The outer beaches of Cape Cod National Seashore in Massachusetts are the last remnants of coastal wilderness in southern New England. The 33 miles between Nauset Inlet and Provincetown Harbor are an unbroken, sparsely developed sandy shoreline. It’s a wild place, unlike any other I fish.
As a striped bass surf fisherman, I only fish at night, and the dark, lonely stretches of beach are often eerie. The wildlife seems bigger and bolder; I’m speaking primarily of the creatures that live in the water, but four-legged ones, too. And the stripers I seek are savage, wild-eyed and supercharged. Some anglers attribute this to the colder, highly oxygenated water. While I won’t argue, I think it’s more than that. Out here, on this spit of land jutting 27 miles out to sea, stripers are on edge, on high alert, all the time. There is just no room for even minor mistakes out here — by fish or by fisherman.
Predator and Prey
A horde of schoolie stripers follows me relentlessly. I catch glimpses of them in the wash, lit by a dazzlingly bright full moon — flashes of chrome in the vodka-clear water. Every cast I make is met with the sharp tap-tap of them yanking at my lure only moments after it touches down. It’s entertaining enough for a half-hour but quickly loses its appeal as “dumb” fishing. There’s no skill involved; they’d throw themselves at anything.
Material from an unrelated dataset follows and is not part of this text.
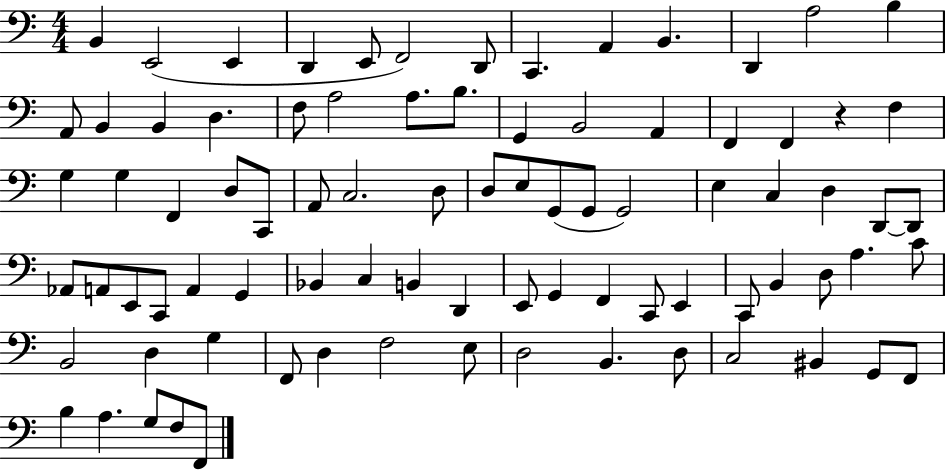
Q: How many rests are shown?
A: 1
So I wander, meandering Before long, I’m at least three miles from the buggy. I prospect frothy white water and jet-black troughs with a cast or two, covering ground, searching for greener pastures that hold cows. But it’s just schoolies everywhere. And seals: Clydesdale-size heads that pop up at intervals, accompanied by a loud whoosh of exhaled air. Sometimes they slide by so tightly to the beach that I glimpse their massive, black, torpedo-shaped shadows as they surf a wave, barely large enough to support their bulk.